Staff Spotlight
Dr. Cory Sukala Meet Dr. Sukala! Assistant Professor in Political Science and Honors professor. He is a political theorist exploring the crossroads of religion, politics, and global thought. He studies how different political traditions coexist—or clash—especially as Buddhist ideas meet Western perspectives in our globalized world. From elections administration in Pennsylvania to cutting-edge research in Buddhist and American political thought, he brings real-world experience and big ideas to our Honors classes!
Teaches:
Honors 390V Worlds of Buddhism
I teach in the Department of Political Science, Public Law and Administration, but my classes probably don’t focus on politics the way that you normally think of it. I am a political theorist and my main focus is on the relationship between religion and politics, so we spend our time in class talking about what it is that we as a society think that we should value and how we should go about trying to judge between all of the various forces in our lives telling us where we should turn to get the answers to that question.
I am from a very rural area and was a first-generation college student. Teaching at NMSU and having the chance to work with so many students that are coming from the same place that I was when I entered college feels like an opportunity to repay all of the people who helped me by trying to grow the next generation of people who can help others later.
Learning isn’t a process that happens in a straight-line or in one direction, with a teacher telling you what they know and a student doing their best to listen and remember it. You aren’t always just transferring knowledge, sometimes you’re all trying to discover it together and this is particularly true for a course like Worlds of Buddhism. An important part of the Buddhist tradition centers around the interaction between students and teachers and how that relationship can be a vehicle to uncover and express ideas that would otherwise be hidden to us.
To try and capture that spirit for the Worlds of Buddhism class, I allowed students to forgo a normal midterm exam and instead come and talk to me for an hour or so about the ideas that we’d been exploring so far in the semester. It wasn’t an interrogation, just a conversation about how the ideas of Buddhist thought and practice resonated with them and what connections they drew between the material and their own understanding of reality.

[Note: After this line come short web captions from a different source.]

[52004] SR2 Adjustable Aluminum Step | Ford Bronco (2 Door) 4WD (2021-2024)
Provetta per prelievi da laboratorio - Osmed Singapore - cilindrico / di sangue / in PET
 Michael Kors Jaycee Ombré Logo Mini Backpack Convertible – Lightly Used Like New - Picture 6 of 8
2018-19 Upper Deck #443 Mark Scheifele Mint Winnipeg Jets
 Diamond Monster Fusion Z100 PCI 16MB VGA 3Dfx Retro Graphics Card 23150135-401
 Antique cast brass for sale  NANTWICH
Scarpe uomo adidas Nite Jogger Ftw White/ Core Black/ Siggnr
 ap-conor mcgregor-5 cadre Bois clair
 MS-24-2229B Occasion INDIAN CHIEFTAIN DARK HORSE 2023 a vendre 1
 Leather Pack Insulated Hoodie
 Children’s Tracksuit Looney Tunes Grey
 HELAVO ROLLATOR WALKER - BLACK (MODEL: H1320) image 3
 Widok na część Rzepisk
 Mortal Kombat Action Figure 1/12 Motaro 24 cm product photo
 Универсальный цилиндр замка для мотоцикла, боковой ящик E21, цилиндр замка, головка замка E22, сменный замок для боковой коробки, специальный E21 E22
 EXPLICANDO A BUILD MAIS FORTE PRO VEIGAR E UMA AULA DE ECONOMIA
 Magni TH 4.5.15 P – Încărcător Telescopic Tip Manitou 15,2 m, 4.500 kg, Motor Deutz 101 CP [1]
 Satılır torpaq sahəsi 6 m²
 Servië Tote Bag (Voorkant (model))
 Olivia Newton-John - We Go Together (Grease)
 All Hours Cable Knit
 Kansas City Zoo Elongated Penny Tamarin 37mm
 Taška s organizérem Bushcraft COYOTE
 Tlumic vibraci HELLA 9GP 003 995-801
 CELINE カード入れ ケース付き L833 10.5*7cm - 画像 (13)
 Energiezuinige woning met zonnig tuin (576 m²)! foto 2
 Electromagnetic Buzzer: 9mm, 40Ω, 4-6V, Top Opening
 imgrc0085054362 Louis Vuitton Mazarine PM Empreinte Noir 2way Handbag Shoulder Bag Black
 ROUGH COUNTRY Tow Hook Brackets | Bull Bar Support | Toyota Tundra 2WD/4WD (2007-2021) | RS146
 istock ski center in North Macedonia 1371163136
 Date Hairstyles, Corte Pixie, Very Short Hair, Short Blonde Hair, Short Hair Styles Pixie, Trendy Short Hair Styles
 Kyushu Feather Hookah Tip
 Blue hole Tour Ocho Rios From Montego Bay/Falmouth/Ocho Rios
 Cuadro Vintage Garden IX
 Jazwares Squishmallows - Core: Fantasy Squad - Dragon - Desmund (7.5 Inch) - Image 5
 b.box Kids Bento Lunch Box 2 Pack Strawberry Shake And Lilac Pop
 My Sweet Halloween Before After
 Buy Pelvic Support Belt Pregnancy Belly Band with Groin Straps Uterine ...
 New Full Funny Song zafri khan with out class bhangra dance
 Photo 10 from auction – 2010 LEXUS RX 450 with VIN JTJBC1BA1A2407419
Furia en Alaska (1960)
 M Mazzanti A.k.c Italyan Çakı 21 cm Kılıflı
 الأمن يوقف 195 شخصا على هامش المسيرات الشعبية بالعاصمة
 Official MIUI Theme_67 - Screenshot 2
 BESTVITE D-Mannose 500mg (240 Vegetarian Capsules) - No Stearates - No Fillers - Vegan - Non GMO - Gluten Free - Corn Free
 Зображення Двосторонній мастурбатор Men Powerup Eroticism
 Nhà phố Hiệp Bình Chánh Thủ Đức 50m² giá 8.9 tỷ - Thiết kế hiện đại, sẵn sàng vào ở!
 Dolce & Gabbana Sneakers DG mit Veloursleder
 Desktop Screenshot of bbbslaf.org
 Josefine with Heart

It couldn’t have gone better. Not only were the students and I able to clearly see where their strengths and weakness were in understanding Buddhism (which is ultimately what you want an exam to be able to capture), because it was a conversation we were also able to explore parts of those ideas in ways we hadn’t discussed in class. While learning to express yourself through writing is extremely important, it has the drawback of being very one sided. Someone writes something and someone else reads it and any dialogue about the ideas can only happen between the lines. In having an exam that not only takes place off of the page but also is a discussion rather than a traditional examination, it felt like the students and I could actually learn new things during a test rather than just quizzing them on what we’d already learned.
What would you tell students as to why they should think about taking an Honors class?
Honors classes are so fun and challenging not only because they allow you to explore ideas that are outside of your comfort zone, but also because everyone in the room is having that same experience. Honors classes are full of students from across the university, who are all coming together to explore subjects outside of their major. Coming into the semester, I asked students to estimate how much they knew about Buddhism and the most frequent answer was 2 out of 10. Normally, if you’re coming into a class outside of your major and you know almost nothing about the subject, you might be right to feel a little nervous since you could expect everyone else to have more experience than you. But in an Honors class, with students from different majors across the university all coming together, everyone is starting in the same place. No one on campus is majoring in Buddhism, so instead of stressing out and worrying that you’re behind the rest of the class, everyone can relax, regardless of how much they know, and just come on the adventure to figure it all out together.